Marco Reichert „OBJECTS IN THE MIRROR ARE CLOSER THAN THEY APPEAR“
26. März – 23.April 2011
Das malerische Werk von Marco Reichert verarbeitet motivisch den Bildkosmos der lauten und schnellen Konsumgesellschaft. Dabei werden die eindeutigen Inhalte und zielgerichteten Visualisierung der Massenmedien in eine andere Sprache übersetzt, verschleiert und aufgehoben. Sie weichen einer neuen Bildwelt, die ihre „Protagonisten“ in Struktur und Textur einfängt und manchmal auch ertrinken lässt.
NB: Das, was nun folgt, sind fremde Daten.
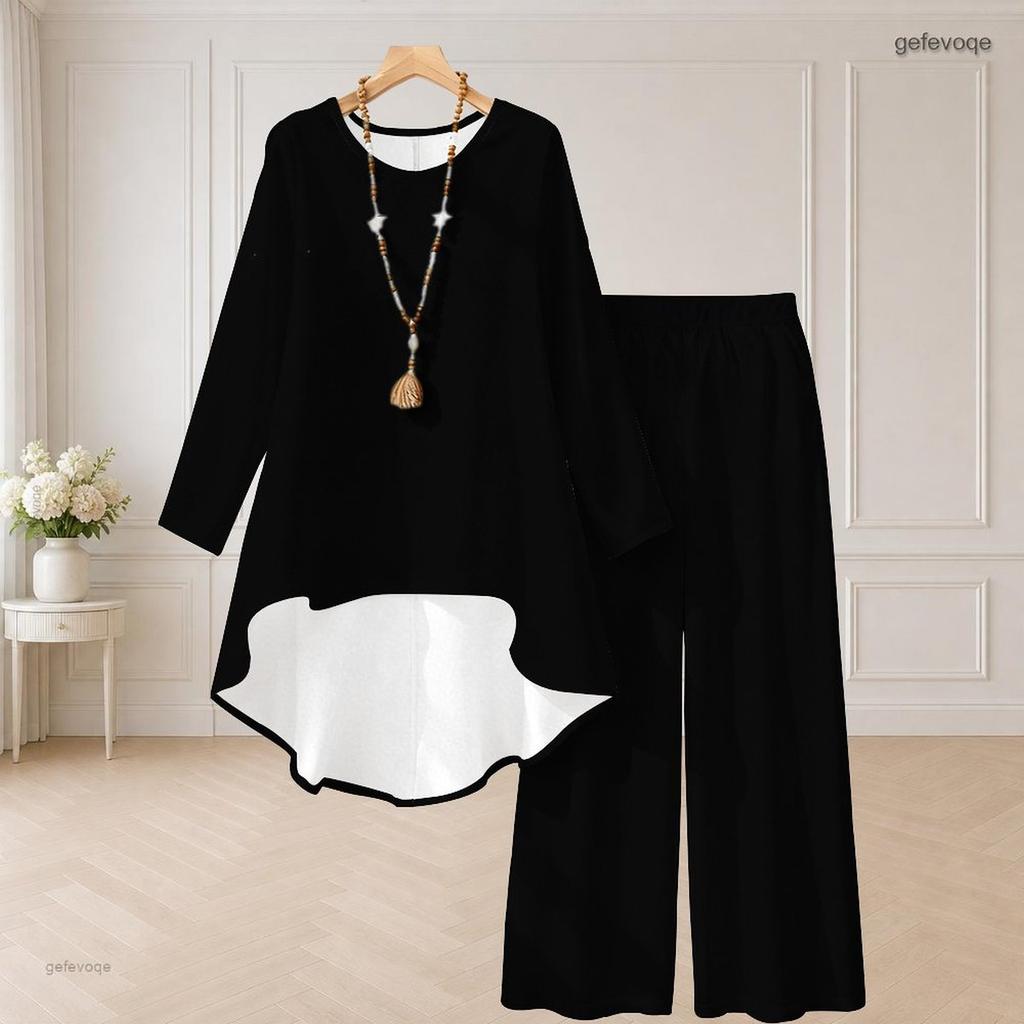 Women Plus Size Two Piece Set Round Neck Long Sleeve Black White Printed High Low Top Wide Leg Pants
Der neue farbenfrohe Bildraum der „Jelly Series“, welche den Kern der Ausstellung „Objects in the mirror are closer than they appear“ darstellt, verbindet die in Reicherts Gesamtwerk vorherrschenden Themen der alltäglichen Bilderflut mit persönlichen Erinnerungen.
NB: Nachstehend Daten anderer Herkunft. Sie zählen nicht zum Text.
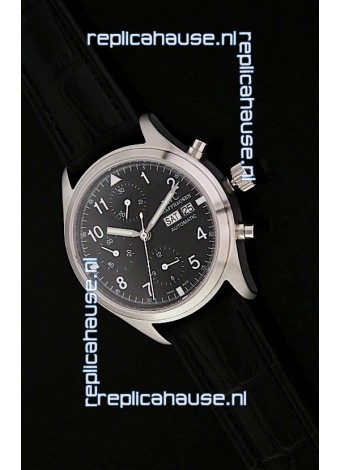 IWC Der Flieger Chronograph Swiss Replica Watch in Black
Die Motive werden ihren gewohnten Zusammenhängen entrissen und verschmelzen mit ihrer neuen Umgebung zu einer Bildwelt, die von Farbe und Licht dominiert wird, sich in glänzenden Oberflächen spiegelt, auflöst und neu formiert. Der Betrachter findet sich in dieser Welt wieder, die, wie der Titel der Ausstellung sagt, näher ist, als sie scheint.
Anna Borowy „Sicht und Schein“
27. November 2010 bis 22. Januar 2011
Anna Borowys Motive sind vorwiegend menschliche Typen und Momente, porträtartig dargestellt, die konzentriert von einem Geschehen zeugen. Die reduzierte Verwendung von Konturen und Flächen verbindet die Figuren mit den Hintergründen sowie diaphanen Begleitbildern von Tieren. Die offenkundige Jugend und die Anmut der Porträtierten werden verzerrt durch brüchige Strukturen und sinistere Züge, bzw. Mimik.
Technisch auffallend ist der leichte, silhouettenartige Auftrag von Farbe. Obwohl „aquarellig“ wirkend kommen doch Ölfarben zur Anwendung, deren spezielle Konsistenz jedoch das Vermischen mit Wasser zulassen. Die Grundierung der Bilder wird nicht restlos ausgemalt, sondern fungiert als durchgängiger heller Hintergrund, auf dem die Farben sorgfältig angeordnet werden. Dadurch erscheinen die Gestalten der Bilder mitunter überbelichtet, was mit der Überschneidung mehrerer durchsichtiger Bildelemente korrespondiert. Weil eine solche An- oder „Durchsicht“ normalerweise nur durch den Wechsel der Perspektive des Betrachters vor einem plastischen Objekt erfolgen kann, ist der Effekt auf Anna Borowys Bildern folglich eine besondere Dynamik. So realisieren ihre Werke ungewöhnlich für den Betrachter nicht nur eine räumliche, sondern auch eine zeitliche Perspektive.